For me, the copious amounts of unique food define my life as a Pole. In this case, you have spent all day eating a huge feast at your relative’s house, and you are trying to be polite by leaving quietly and without a scene, as is the Polish way. However, a relative (your babcia, chocha, or someone else-most likely female) comes up to you as you leave and literally puts a roll of sausage in your hand– no bag or anything. It’s for the road and so you get grube (large/strong) right?

4. Paczki Day

If you don’t know this one, you have never been Polish or even met any Polish people. Paczki Day (a.k.a. Fat Tuesday elsewhere) is the day–no, the week– when your babcia (Polish for grandmother) turns her home into a bakery and churns out what seems like thousands of small, doughy, jelly-filled pastries. If it seems like your babcia is cooking for the whole neighborhood, don’t worry. It’s because she totally is.
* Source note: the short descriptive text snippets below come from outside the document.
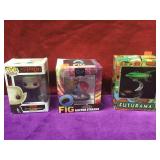 Lot of 3 collectible figures incl.  Pop, Q Fig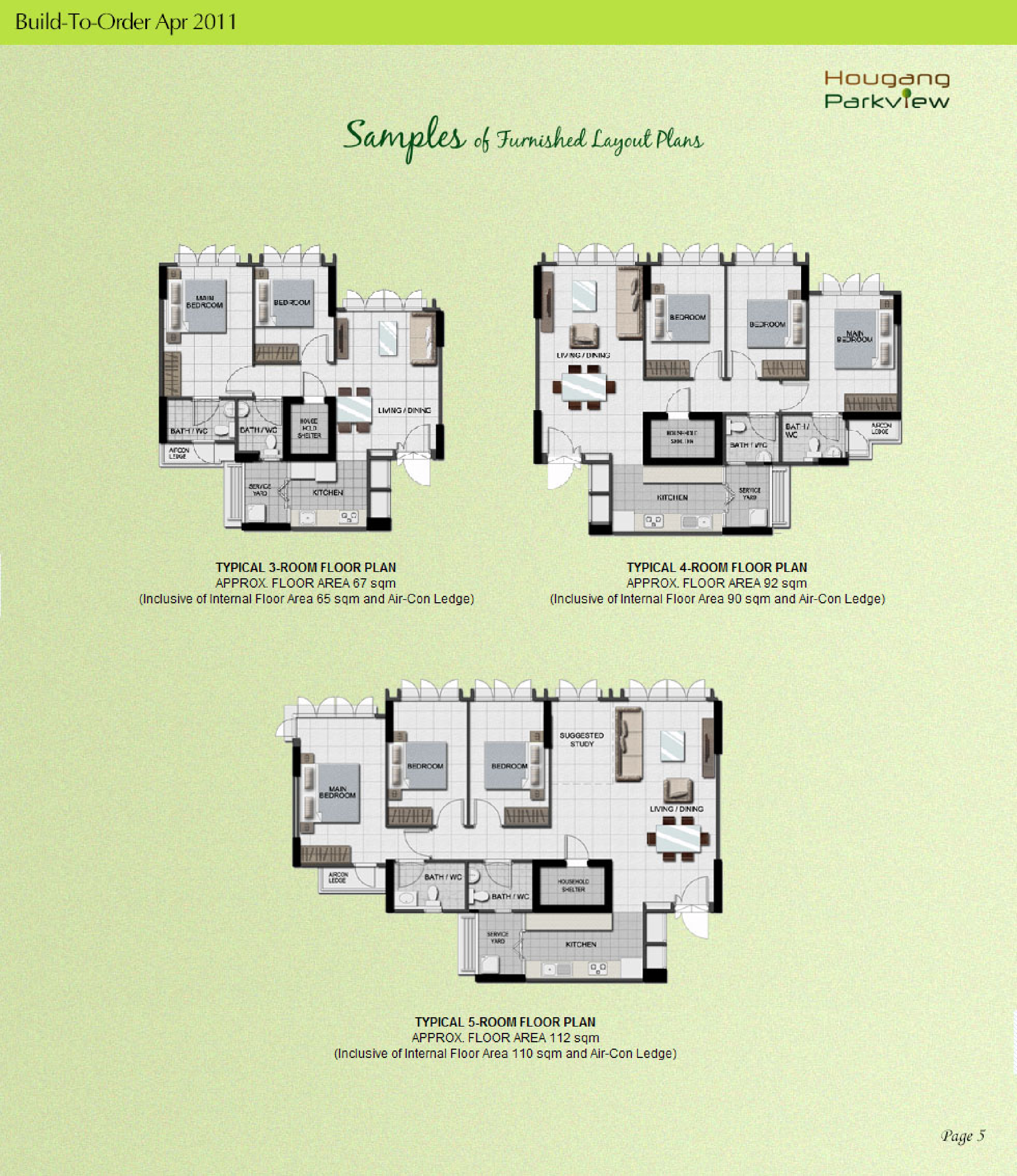 HDB Hougang Parkview BTO launched in April 2011 site plan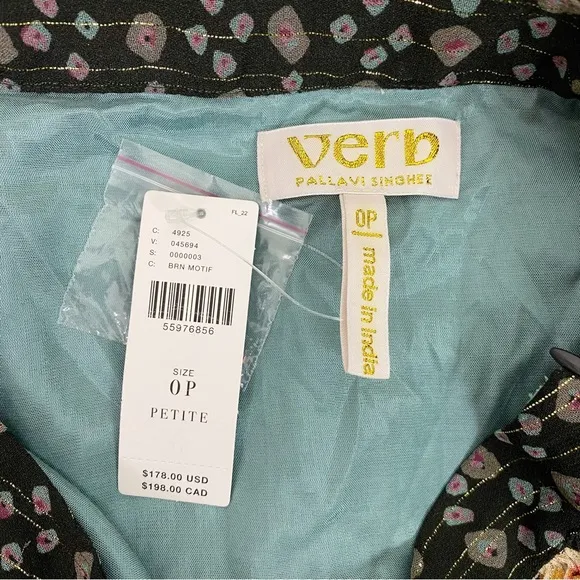 NWT Verb Pallavi Singhee Margot Pleated Maxi Skirt Metallic Mix Print 0 Petite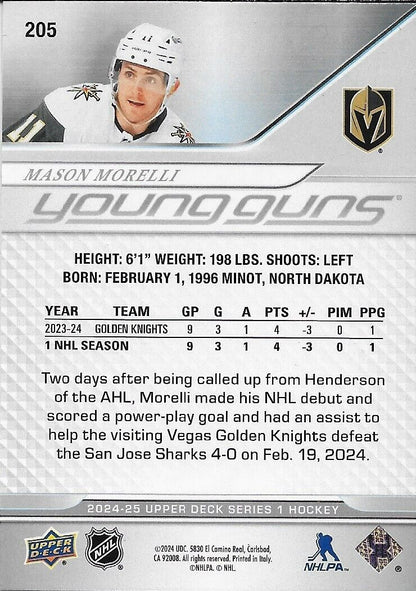 Carte de recrue signée Mason Morelli Young Guns 2024-25 UD Vegas Golden Knights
5. You Find Yourself Avoiding Credit or Recognition For Most Things

When achieving success, Americans love to boast and dance and show-off, but when you get the job done, you put your head down and shrug your shoulders. I recognize this tendency in myself, especially when I played sports as a kid. Other kids would hit a home run and act like they won the Olympics. I would (eventually) hit home runs and shrug my shoulders. Why celebrate accomplishing exactly what you are supposed to accomplish?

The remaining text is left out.